Comme M. Napolitano, M.B. a contacté le CAPE. Ni l’un ni l’autre n’a fait appel aux élus locaux. «J’imagine que les politiciens sont au courant de la situation, mais je ne leur fais pas beaucoup confiance,» confie M. Napolitano. «C’est tout un système qui est contre nous.»

Solutions

À Montréal, la réglementation de l’habitation est une compétence partagée entre la Ville et les arrondissements. À Parc-Extension, la mairesse d’arrondissement, Giuliana Fumagalli, observe un «lien direct» entre l’arrivée du Campus MIL, les loyers montants et les demandes de rénovation qui affluent. Pour maîtriser la situation, l’arrondissement a restreint le droit de subdiviser un logement et interdit la construction de nouveaux condominiums. Il a également développé un formulaire avec des pictogrammes permettant aux locataires de dénoncer plus facilement l’insalubrité.

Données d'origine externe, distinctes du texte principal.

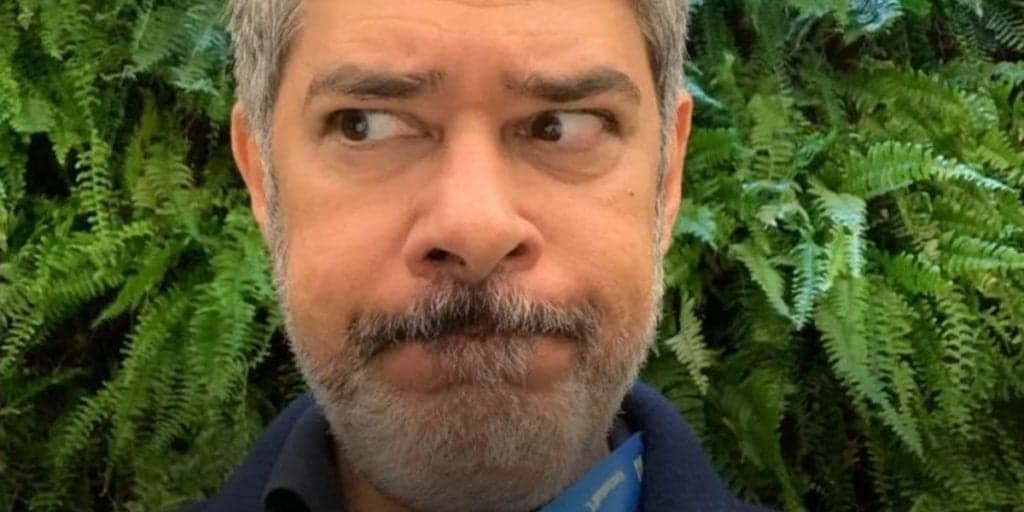 Em meio a demissões em massa no jornalismo, Globo bate o martelo e define desfecho de William Bonner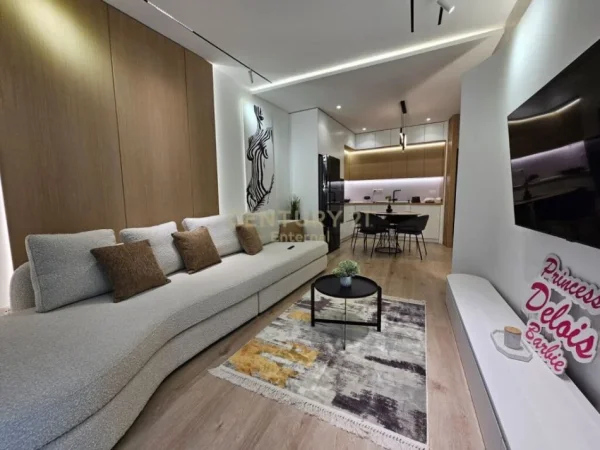 Tirane, jepet me qera apartament 2+1 Kati 3, 95 m² 1,400 € (Rruga Kosovareve)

«Les locataires aimeraient qu’on ait des règles plus strictes, mais c’est complexe,» dit la mairesse. «Nous utilisons les moyens dont on dispose – l’émission des permis, les constats d’infraction, les inspections de salubrité et les règlements de zonage. Une autre chose qu’on fait, c’est identifier des terrains où on peut construire des logements sociaux.»

L’obtention de ces terrains revient à la ville-centre. Récemment, elle a utilisé son droit de préemption d’acquérir deux bâtiments, le Plaza Hutchison et le 7965 Acadie, afin d’y construire des logements sociaux. La construction en tant que telle doit être financée par Québec, et la ville attend toujours des sommes nécessaires. Selon Robert Beaudry, membre du comité exécutif responsable du logement à la Ville de Montréal, la ville a identifié 58 autres terrains à Parc-Extension où elle peut potentiellement utiliser ce droit. Il ajoute que les investissements annoncés par la ministre québécoise du Logement, Andrée Laforest, le 9 avril représentent des sommes promises depuis plusieurs années : «C’est une bonne nouvelle, mais ça n’affecte pas les nouveaux développements.»

Le quartier fait partie de la circonscription du député solidaire Andrés Fontecilla. Il voudrait que Québec investisse davantage dans le logement social et facilite l’accès au TAL pour des locataires voulant contester une expulsion. «Ce n’est qu’une infime minorité [des locataires] qui porte plainte,» estime-t-il. Il voudrait aussi voir la mise en place d’un moratoire sur les expulsions quand le taux d’inoccupation est de moins de 3 %. Entretemps, il exhorte les locataires à utiliser les recours qui leur sont disponibles : «Défendez-vous!»

Paul Napolitano espère que la construction des logements sociaux fera baisser la pression sur le marché locatif. L.B., pour sa part, est à court de solutions. «Je vais continuer à me battre, mais je commence à être fatigué. Chaque jour, je me promène dans le quartier, à la recherche d’un autre appartement, pour être moins stressé.»

(1) Le locataire utilise un pseudonyme par crainte de représailles de son propriétaire.

(2) Ricochet souhaite remercier tout l’équipe du CAPE ainsi que Mary Arvanitaki de Hellenic Community Services pour leur soutien en logistique et en traduction.